Sicuramente si potrebbe pensare anche ad altre reazioni, tutte ugualmente sbagliate.
Edwards, comunque rifiutò di incamminarsi per le vie dello scandalo, della maldicenza, della vendetta e dell’apatia, che poi sono tutte vie traverse della via dell’orgoglio! Egli scelse la via dell’umiltà.
Agostino d’Ippona affermò che l’umiltà è la prima, la seconda e la terza virtù cristiana. Egli non si sbagliava. La parola umiltà deriva da humus (terra) ed essere umili è ciò che maggiormente si addice a esseri che sono costituiti proprio della ”polvere della terra”!
Il cristiano è una persona che ha visto Dio e che, avendo contemplato le sue perfezioni, ha visto se stesso nella giusta luce. Come Isaia, Neemia, Daniele e tutti i grandi intercessori, prostrato al cospetto di Dio, il credente autenticamente umile si vede ugualmente colpevole come il resto del popolo e non prova minimamente a distinguersi dagli altri. Non si mette a confronto di altri peccatori, non si misura con un metro umano e riconosce che la medesima corruzione che ha portato i suoi simili a peccare così gravemente, è presente e operante anche nel suo stesso cuore.
Quando scorge qualcuno peccare non esclama: «Guai a te, peccatore!», ma si lamenta di se stesso dicendo: «Misero me, uomo!». Non si permette di scagliare la prima pietra, sa bene di non essere senza peccato.
Questo atteggiamento autenticamente umile, Edwards, si propone di attuarlo «nel parlare e nell’agire» poiché è relativamente facile apparire umili nelle parole, magari in preghiera, al cospetto di Dio, salvo poi esprimere una condotta arrogante, superba e orgogliosa nei confronti dei nostri simili e dei nostri fratelli. Non vi ricorda questo modo di fare l’atteggiamento del fariseo della parabola? (Lc. 18:9-14).
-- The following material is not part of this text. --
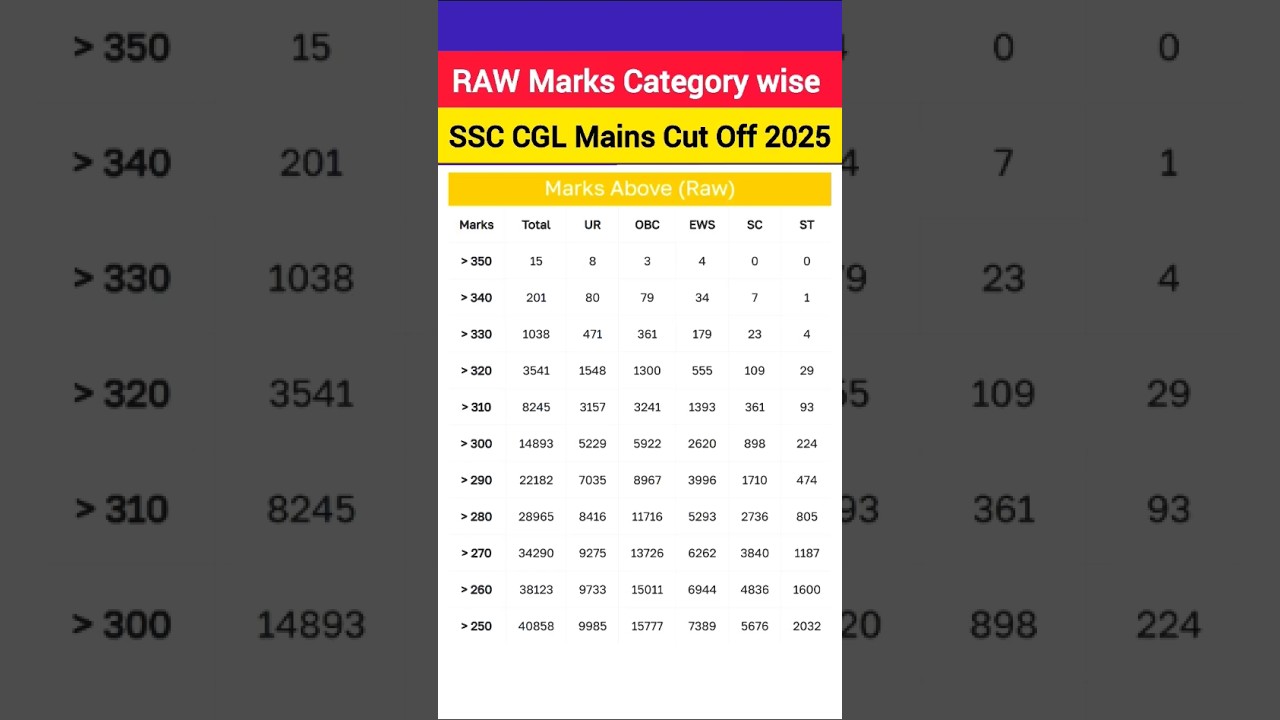 SSC CGL tier 2 cut off analysis 2025| SSC CGL 2024 mains cut off|ssc cgl Raw marks category wise#ssc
Edwards si propose di non giudicare frettolosamente, ma di porsi “nei panni altrui” e di mostrare un’umile compassione verso chiunque, anche verso chi, nel futuro, avrebbe peccato contro di lui.
A volte, assumere un atteggiamento diverso è pura ipocrisia, poiché le stesse persone che giudicano gli altri non fanno altro che condannare se stesse (Cfr. Ro. 2:1-3; 17-23)
Diversamente, l’atteggiamento umile al cospetto di Dio e degli uomini produce esattamente quello che Edwards si propose di fare in questi casi: un più attento ed efficace esame di se stessi, il provare vergogna di se stessi, la confessione a Dio dei propri peccati e della propria miseria e il prendere le giuste precauzioni affinché non accada di peggio a noi che ci siamo avveduti della gravità del comportamento altrui.
La via dell’orgoglio, anche di quello che si nasconde sotto il manto della religiosità, dello zelo per la verità, dell’amore della giustizia e della ricerca della purezza, porta solo alla distruzione personale, alla dissoluzione di ogni relazione e alla rovina eterna.
La via dell’umiltà è la via migliore, è la via che ci porta in cielo!